Python Pandas Tutorial for Beginners
Pandas, both the cuddly animals and the Python library, are known for their efficiency – while one munches through bamboo, the other helps you munch through data. Pandas in Python is an amazing data analysis and manipulation tool offering powerful data structures and functions that make handling data a breeze. With Pandas by your side, your data will be as organized as a panda's daily schedule of eating and napping!
What is Pandas in Python?
Pandas (derived from panel data) is a powerful Python library for data manipulation and analysis, providing easy-to-use data structures that efficiently handle structured data. Some of its main features include:
- DataFrame and Series. Pandas uses the concept of Series (1D) and DataFrame (2D) for its data structures, which make data manipulation and analysis straightforward and intuitive.
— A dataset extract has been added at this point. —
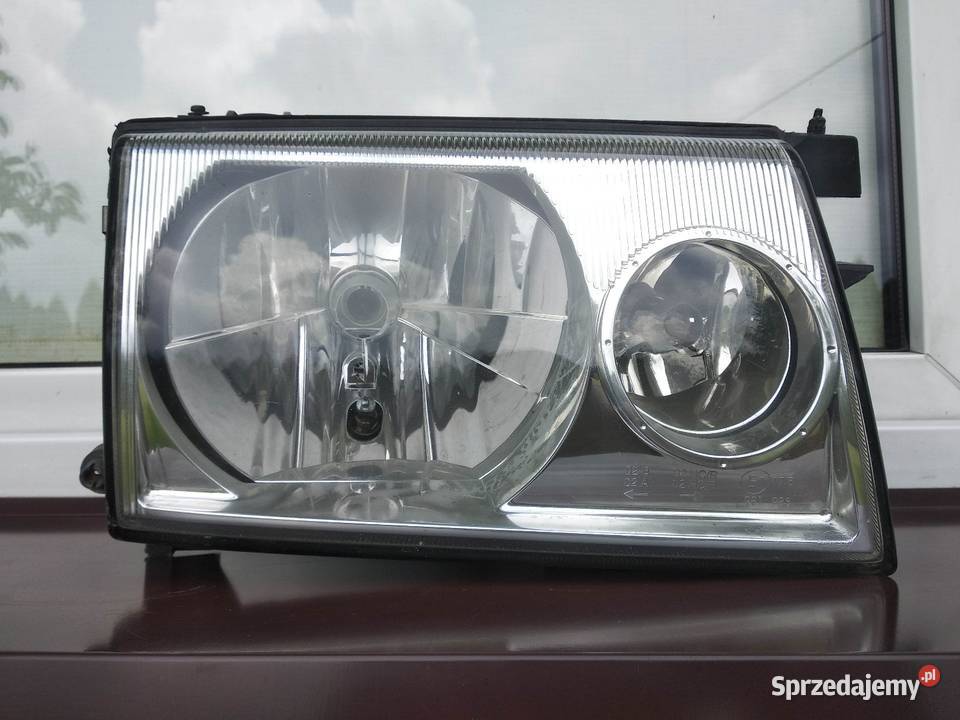 Nissan Terrano II 2 LIFT FL lampa przednia prawa łódzkie sprzedam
- Data alignment. Automatically aligns data across different indexes when performing operations, ensuring consistent and accurate results.
- Data cleaning. Pandas provides the tools to handle missing data and duplicates and solve other common issues, so you can be sure you’ll never work with messy datasets.
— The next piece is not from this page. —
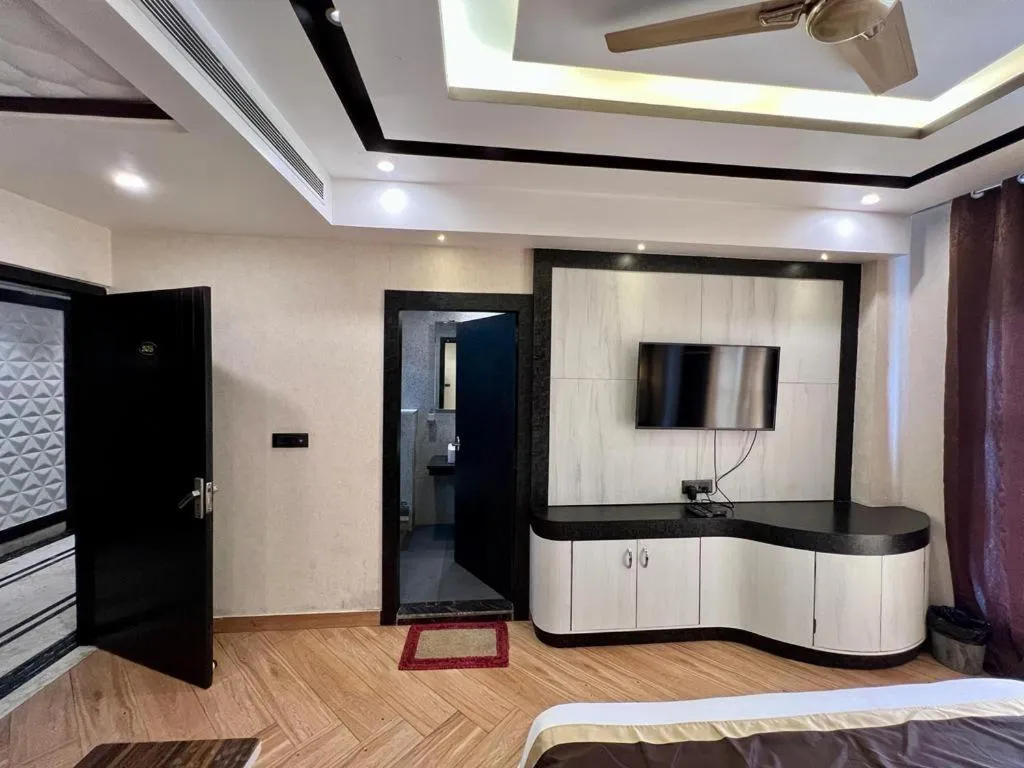 TV and multimedia in HOTEL PLEASANT VIEW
- Group By functionality. Enables powerful data aggregation and transformation by grouping data based on specific criteria.
- Integration with other libraries. Pandas seamlessly integrates with other popular libraries, such as NumPy or Matplotlib, allowing enhanced numerical computations and visualizations.
What is Python Pandas used for?
Ask any data scientist about what they use for data analysis and manipulation, and many of them will recommend or have at least heard of Pandas. It’s a powerful industry-standard tool that’s used for various cases:
- Cleaning and preparing data. Pandas is extensively used to clean, transform, and prepare data for analysis. You can handle missing data, filter by rows or columns, merge multiple datasets, or apply functions to manipulate data into usable formats.
- Data analysis. Pandas allow you to calculate statistics, aggregate data, and perform operations like grouping and pivoting, which are essential for summarizing and understanding large datasets. It helps quickly generate data insights, such as finding trends, correlations, or outliers.
- Data aggregation. Pandas is used to group and aggregate data to summarize information based on specific criteria. This is useful for analyzing patterns over time, such as summarizing sales data by month, calculating the average value of transactions per customer, or aggregating data to find total counts or sums within specific categories.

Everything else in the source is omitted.